¿De qué otra manera se explica de dónde sacan tantos “minions”? Esa palabra, que en español se traduce como “subordinado” pero sin las mismas connotaciones, básicamente se refiere a todos los chulis del maloso principal en una película o serie de TV y cuya chamba consiste en ir muriendo uno a uno en orden de importancia hasta llegar al maloso.
Pero lo interesante del asunto es que, a lo largo de la película (y sobre todo en una serie de varios capítulos), estos minions van cayendo como moscas pero el maloso siempre puede conseguir más. Y no se trata sólo de números, Consigue minions igual de entrenados y calificados que los que han muerto antes y con la misma convicción sobre lo que están haciendo. Increíble.
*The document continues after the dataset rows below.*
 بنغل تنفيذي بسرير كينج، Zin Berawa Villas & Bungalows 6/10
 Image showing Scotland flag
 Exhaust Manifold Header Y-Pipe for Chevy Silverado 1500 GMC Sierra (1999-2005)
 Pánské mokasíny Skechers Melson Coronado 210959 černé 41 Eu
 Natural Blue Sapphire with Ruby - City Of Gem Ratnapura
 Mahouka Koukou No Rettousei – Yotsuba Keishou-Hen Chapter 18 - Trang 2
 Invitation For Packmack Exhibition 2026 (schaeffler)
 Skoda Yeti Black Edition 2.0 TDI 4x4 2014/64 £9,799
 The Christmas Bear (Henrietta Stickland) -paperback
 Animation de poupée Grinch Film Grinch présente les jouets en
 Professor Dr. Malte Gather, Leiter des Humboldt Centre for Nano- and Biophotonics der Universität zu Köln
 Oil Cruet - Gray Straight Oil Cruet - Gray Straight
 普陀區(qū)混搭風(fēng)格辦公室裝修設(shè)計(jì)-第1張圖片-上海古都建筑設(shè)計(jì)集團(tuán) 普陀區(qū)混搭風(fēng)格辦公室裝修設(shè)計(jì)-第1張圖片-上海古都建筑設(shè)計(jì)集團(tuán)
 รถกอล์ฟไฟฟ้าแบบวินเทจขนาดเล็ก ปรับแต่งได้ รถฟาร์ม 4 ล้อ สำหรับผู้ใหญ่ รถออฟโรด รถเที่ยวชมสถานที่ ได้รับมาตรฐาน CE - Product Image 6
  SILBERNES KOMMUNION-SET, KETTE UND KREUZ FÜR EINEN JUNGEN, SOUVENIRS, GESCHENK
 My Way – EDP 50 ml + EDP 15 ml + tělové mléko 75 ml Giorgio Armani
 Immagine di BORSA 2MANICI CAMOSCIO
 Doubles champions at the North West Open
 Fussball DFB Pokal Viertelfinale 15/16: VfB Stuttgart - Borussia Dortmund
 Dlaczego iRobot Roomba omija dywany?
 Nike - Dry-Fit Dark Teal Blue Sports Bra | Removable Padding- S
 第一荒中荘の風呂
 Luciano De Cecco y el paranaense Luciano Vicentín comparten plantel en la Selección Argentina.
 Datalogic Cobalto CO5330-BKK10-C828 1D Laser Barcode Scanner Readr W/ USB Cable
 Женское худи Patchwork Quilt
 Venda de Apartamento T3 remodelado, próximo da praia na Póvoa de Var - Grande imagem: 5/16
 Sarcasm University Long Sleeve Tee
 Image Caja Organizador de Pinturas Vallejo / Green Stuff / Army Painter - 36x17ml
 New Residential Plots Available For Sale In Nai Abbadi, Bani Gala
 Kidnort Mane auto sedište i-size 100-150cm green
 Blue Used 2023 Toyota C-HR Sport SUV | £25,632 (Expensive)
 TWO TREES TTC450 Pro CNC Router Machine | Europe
Porque, bueno, asumimos que el minion que está con el maloso al principio de la serie/pela armando el “arma del día final” o conjurando los espíritus antiguos o algo así es su brazo derecho. Si fuera un monse, no estaría ahí con él, ayudándolo. Pero los buenos se lo bajan mientras el maloso escapa.
Y sin embargo el maloso vuelve a intertar su plan dos o tres veces y nunca tiene problemas en encontrar a un tipo que pelee igual de chévere que el otro, que sepa cómo armar una bomba, conjurar un espíritu o lo que sea que esté haciendo. Y como mencionaba arriba, además está igual de convencido El suplente es más capo incluso que el original, porque al suplente le liga lo que está haciendo para el climax del guión.
En cambio, los buenos son siempre los mismos. Hasta nos sabemos sus nombres (los nombres de los minions no importan). En caso llegara a morir uno de ellos el Team de los buenos estaría seriamente comprometido, pasaría tiempo hasta que encuentren un reemplazo adecuado, si es que lo existe.
Lo que me lleva a deducir que los malosos pagan mucho más. O tal vez ofrecen mejores beneficios laborales.